TASK DIRECTIONS:
Stop at the line containing "Serene Landscape With": repeat exactly every line of the entries below from the first up to it, plus that line, with pictures omitted.
**** AVAILABLE DATA
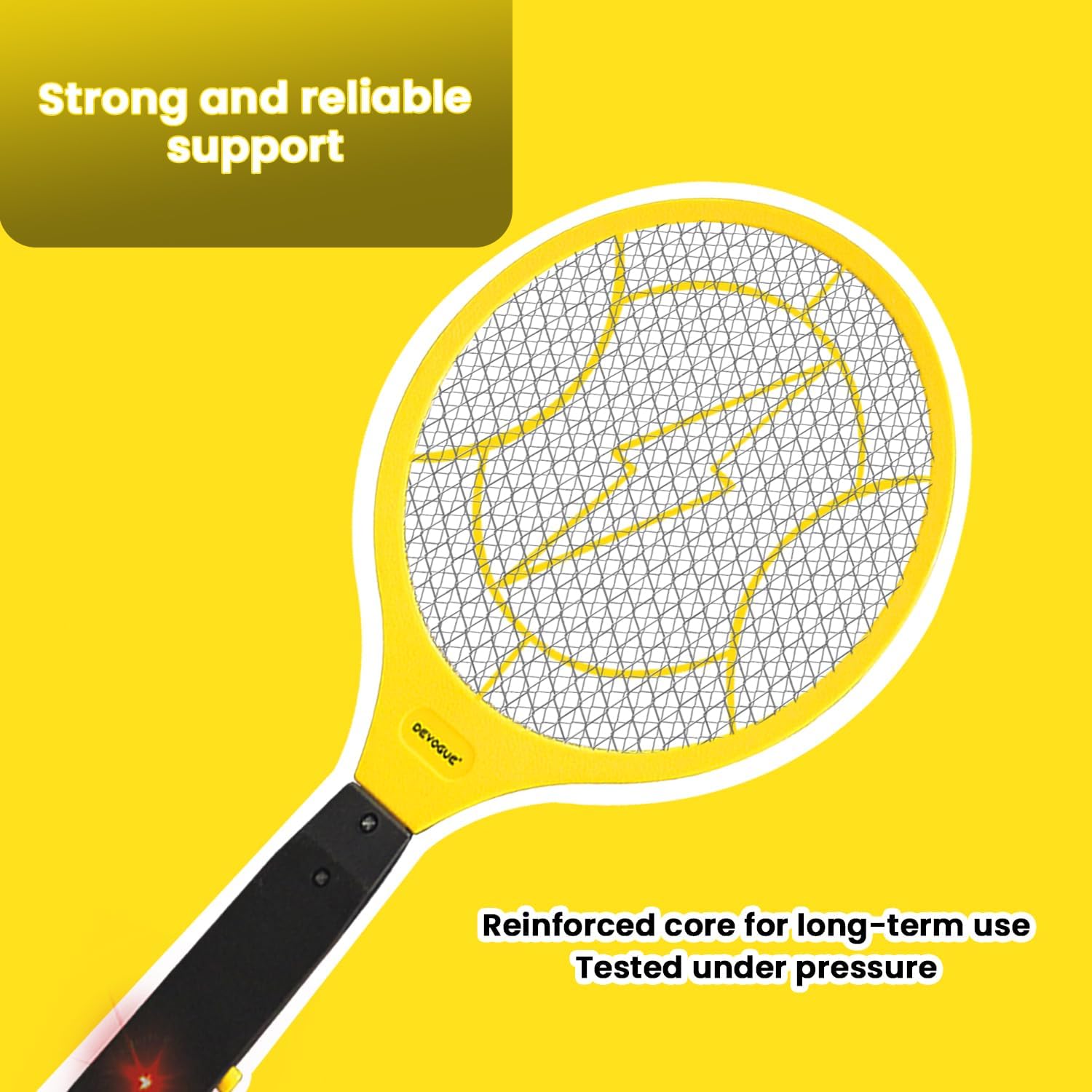 Electric Fly Swatter - Weight Like Apple - 2AA Battery Powered (not incl.) - 3-Layer Protection Grid Bug Zapper Racket for Home Bedroom Kitchen Office Backyard Patio Indoor Outdoor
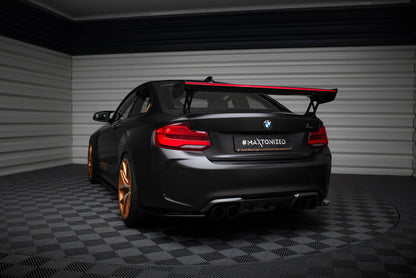 Carbon Heckspoiler Heckflügel Standfuß Außen + LED passend für BMW M2 F87 / 2 / 2 M-Paket F22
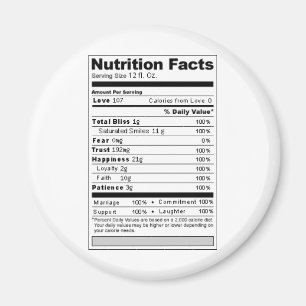 Imã Etiqueta engraçada da nutrição do doce do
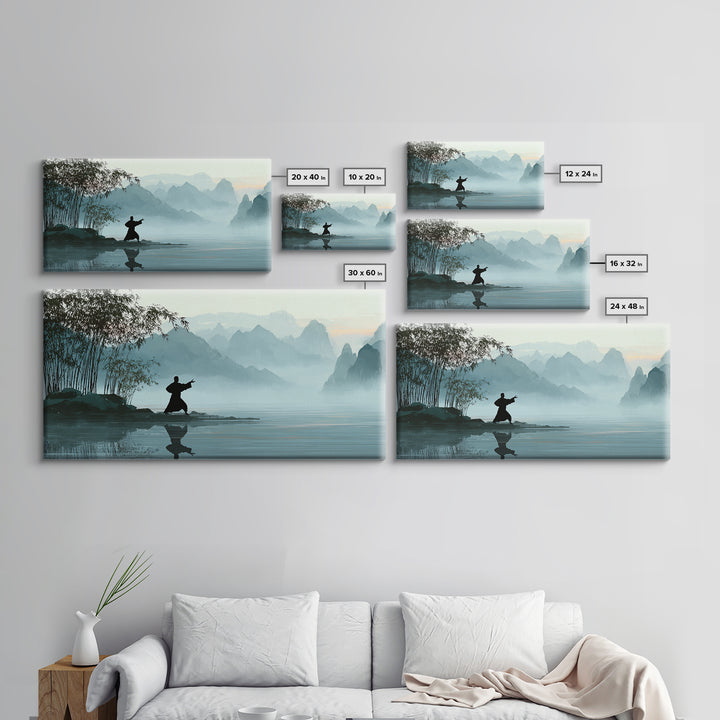Serene Landscape With Taiji Practitioner By Water Misty Mountains Background Canvas Print Modern Wall Art Home Decor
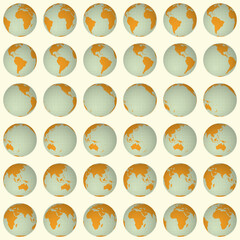 Collection of globes. Normal sphere view. Rotation step 10 degrees. Solid color style. World map with sparse graticule lines on bright background. Artistic vector illustration.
********
WRITTEN SOLUTION:
 Electric Fly Swatter - Weight Like Apple - 2AA Battery Powered (not incl.) - 3-Layer Protection Grid Bug Zapper Racket for Home Bedroom Kitchen Office Backyard Patio Indoor Outdoor
 Carbon Heckspoiler Heckflügel Standfuß Außen + LED passend für BMW M2 F87 / 2 / 2 M-Paket F22
 Imã Etiqueta engraçada da nutrição do doce do
Serene Landscape With Taiji Practitioner By Water Misty Mountains Background Canvas Print Modern Wall Art Home Decor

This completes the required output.